What is required
For the entries below, print exactly the lines between the line holding "Photo of 124 Forest Hill Boulevard" and the line holding "9429 Mountainair Avenue, Las Vegas, NV 89134", inclusive, and nothing else.

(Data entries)
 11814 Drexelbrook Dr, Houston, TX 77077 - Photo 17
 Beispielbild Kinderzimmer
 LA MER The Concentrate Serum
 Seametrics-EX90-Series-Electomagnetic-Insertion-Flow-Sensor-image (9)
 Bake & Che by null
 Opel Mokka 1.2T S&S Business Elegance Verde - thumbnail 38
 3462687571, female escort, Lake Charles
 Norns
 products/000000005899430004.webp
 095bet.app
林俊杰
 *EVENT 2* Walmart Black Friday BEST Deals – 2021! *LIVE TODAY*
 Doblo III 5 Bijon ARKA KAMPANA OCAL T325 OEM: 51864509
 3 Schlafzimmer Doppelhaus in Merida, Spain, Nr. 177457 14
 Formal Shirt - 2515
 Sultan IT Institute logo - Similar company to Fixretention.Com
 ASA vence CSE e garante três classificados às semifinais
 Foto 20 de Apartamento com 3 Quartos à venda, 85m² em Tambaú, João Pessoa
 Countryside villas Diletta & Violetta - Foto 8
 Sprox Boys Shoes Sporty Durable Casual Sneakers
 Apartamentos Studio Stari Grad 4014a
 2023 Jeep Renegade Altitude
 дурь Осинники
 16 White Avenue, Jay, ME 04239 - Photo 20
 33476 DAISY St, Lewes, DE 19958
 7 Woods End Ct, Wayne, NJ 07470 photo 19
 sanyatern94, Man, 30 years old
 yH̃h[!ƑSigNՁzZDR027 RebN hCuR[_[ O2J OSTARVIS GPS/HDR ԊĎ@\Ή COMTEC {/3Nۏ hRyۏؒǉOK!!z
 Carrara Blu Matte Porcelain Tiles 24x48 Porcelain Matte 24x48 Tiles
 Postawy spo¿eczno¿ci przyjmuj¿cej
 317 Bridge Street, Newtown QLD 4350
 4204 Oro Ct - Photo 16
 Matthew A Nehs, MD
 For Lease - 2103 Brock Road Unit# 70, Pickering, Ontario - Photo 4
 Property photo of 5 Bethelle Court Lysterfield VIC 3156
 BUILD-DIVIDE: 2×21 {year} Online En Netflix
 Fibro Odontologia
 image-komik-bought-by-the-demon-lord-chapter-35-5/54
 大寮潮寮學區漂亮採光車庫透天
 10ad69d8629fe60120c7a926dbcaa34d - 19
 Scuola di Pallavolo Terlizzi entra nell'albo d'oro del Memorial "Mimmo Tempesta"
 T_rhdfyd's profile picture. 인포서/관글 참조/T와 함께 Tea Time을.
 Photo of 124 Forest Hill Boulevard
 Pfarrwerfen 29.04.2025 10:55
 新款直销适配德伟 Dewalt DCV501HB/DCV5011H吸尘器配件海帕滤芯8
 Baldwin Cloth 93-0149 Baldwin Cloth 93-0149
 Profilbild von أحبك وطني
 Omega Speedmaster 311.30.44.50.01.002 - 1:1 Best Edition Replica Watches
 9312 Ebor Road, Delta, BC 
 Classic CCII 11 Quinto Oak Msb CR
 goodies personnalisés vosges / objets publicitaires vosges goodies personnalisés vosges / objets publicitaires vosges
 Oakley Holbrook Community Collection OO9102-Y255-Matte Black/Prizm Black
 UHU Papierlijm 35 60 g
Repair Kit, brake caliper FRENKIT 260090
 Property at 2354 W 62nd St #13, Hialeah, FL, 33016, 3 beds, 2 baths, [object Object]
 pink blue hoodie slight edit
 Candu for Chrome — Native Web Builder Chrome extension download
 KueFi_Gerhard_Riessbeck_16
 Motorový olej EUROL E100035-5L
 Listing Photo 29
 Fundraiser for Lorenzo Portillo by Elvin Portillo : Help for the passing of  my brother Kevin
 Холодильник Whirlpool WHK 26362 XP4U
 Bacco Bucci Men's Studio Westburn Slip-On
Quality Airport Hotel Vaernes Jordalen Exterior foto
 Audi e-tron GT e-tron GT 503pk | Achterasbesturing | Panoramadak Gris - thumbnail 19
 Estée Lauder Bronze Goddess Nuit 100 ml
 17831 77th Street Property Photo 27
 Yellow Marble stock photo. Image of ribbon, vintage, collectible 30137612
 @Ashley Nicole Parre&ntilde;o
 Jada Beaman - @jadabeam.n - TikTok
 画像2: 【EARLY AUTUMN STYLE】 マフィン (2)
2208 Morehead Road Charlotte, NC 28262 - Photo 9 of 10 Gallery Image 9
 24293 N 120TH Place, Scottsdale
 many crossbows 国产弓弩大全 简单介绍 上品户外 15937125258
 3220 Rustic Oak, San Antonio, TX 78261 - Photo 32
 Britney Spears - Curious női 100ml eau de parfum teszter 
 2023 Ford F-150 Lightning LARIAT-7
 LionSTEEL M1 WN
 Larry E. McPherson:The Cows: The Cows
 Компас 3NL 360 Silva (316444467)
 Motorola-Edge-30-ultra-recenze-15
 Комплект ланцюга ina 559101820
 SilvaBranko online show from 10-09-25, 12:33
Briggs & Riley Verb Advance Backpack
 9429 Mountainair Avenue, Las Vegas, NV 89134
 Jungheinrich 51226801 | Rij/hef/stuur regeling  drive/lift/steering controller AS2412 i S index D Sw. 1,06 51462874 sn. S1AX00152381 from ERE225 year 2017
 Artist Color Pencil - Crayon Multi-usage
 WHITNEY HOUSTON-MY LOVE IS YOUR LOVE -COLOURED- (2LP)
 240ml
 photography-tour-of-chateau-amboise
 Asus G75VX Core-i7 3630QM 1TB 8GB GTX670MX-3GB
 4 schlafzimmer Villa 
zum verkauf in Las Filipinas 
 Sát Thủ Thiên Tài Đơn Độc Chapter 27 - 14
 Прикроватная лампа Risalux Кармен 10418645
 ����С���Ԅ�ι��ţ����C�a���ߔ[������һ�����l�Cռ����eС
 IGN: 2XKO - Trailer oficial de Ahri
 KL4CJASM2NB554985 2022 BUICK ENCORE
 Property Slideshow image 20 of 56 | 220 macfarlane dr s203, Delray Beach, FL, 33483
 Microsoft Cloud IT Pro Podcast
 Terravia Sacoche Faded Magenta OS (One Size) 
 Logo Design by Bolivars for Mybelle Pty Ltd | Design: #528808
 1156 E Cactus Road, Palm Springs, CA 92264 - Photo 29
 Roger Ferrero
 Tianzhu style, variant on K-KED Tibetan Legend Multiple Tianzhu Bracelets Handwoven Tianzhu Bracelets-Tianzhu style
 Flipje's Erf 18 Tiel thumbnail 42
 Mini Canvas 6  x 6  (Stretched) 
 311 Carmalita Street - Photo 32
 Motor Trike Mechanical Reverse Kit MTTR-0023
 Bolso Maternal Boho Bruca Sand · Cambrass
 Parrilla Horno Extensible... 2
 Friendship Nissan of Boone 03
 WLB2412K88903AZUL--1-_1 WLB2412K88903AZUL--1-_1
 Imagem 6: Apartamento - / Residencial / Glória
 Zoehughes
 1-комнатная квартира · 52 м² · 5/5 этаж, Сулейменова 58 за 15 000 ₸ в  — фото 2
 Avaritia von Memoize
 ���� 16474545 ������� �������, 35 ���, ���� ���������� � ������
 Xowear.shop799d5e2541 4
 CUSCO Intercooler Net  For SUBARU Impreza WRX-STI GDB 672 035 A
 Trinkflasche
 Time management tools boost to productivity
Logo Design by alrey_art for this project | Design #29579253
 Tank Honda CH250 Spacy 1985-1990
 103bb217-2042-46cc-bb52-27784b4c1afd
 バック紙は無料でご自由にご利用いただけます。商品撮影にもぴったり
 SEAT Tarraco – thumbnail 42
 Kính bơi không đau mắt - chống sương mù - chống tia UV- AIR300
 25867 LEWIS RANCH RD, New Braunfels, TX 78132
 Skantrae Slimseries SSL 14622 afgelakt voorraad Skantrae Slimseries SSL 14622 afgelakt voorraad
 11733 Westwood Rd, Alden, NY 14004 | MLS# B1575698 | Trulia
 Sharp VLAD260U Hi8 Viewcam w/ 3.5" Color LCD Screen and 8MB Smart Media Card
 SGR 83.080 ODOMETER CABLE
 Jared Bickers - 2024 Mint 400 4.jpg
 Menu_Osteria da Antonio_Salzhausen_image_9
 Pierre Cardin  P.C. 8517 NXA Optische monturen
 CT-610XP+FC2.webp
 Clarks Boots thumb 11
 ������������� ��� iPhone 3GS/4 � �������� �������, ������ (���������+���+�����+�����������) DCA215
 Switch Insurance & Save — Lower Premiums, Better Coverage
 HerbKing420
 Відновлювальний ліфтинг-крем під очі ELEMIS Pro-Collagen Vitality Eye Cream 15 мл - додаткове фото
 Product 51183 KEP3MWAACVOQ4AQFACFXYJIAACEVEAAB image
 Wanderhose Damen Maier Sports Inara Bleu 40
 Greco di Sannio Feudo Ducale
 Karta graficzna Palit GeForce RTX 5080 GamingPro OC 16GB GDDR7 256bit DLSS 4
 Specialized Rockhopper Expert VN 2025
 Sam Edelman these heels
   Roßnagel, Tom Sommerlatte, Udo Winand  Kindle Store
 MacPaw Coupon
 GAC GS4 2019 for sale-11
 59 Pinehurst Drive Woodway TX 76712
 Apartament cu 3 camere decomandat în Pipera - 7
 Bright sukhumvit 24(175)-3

Solution below
 Photo of 124 Forest Hill Boulevard
 Pfarrwerfen 29.04.2025 10:55
 新款直销适配德伟 Dewalt DCV501HB/DCV5011H吸尘器配件海帕滤芯8
 Baldwin Cloth 93-0149 Baldwin Cloth 93-0149
 Profilbild von أحبك وطني
 Omega Speedmaster 311.30.44.50.01.002 - 1:1 Best Edition Replica Watches
 9312 Ebor Road, Delta, BC 
 Classic CCII 11 Quinto Oak Msb CR
 goodies personnalisés vosges / objets publicitaires vosges goodies personnalisés vosges / objets publicitaires vosges
 Oakley Holbrook Community Collection OO9102-Y255-Matte Black/Prizm Black
 UHU Papierlijm 35 60 g
Repair Kit, brake caliper FRENKIT 260090
 Property at 2354 W 62nd St #13, Hialeah, FL, 33016, 3 beds, 2 baths, [object Object]
 pink blue hoodie slight edit
 Candu for Chrome — Native Web Builder Chrome extension download
 KueFi_Gerhard_Riessbeck_16
 Motorový olej EUROL E100035-5L
 Listing Photo 29
 Fundraiser for Lorenzo Portillo by Elvin Portillo : Help for the passing of  my brother Kevin
 Холодильник Whirlpool WHK 26362 XP4U
 Bacco Bucci Men's Studio Westburn Slip-On
Quality Airport Hotel Vaernes Jordalen Exterior foto
 Audi e-tron GT e-tron GT 503pk | Achterasbesturing | Panoramadak Gris - thumbnail 19
 Estée Lauder Bronze Goddess Nuit 100 ml
 17831 77th Street Property Photo 27
 Yellow Marble stock photo. Image of ribbon, vintage, collectible 30137612
 @Ashley Nicole Parre&ntilde;o
 Jada Beaman - @jadabeam.n - TikTok
 画像2: 【EARLY AUTUMN STYLE】 マフィン (2)
2208 Morehead Road Charlotte, NC 28262 - Photo 9 of 10 Gallery Image 9
 24293 N 120TH Place, Scottsdale
 many crossbows 国产弓弩大全 简单介绍 上品户外 15937125258
 3220 Rustic Oak, San Antonio, TX 78261 - Photo 32
 Britney Spears - Curious női 100ml eau de parfum teszter 
 2023 Ford F-150 Lightning LARIAT-7
 LionSTEEL M1 WN
 Larry E. McPherson:The Cows: The Cows
 Компас 3NL 360 Silva (316444467)
 Motorola-Edge-30-ultra-recenze-15
 Комплект ланцюга ina 559101820
 SilvaBranko online show from 10-09-25, 12:33
Briggs & Riley Verb Advance Backpack
 9429 Mountainair Avenue, Las Vegas, NV 89134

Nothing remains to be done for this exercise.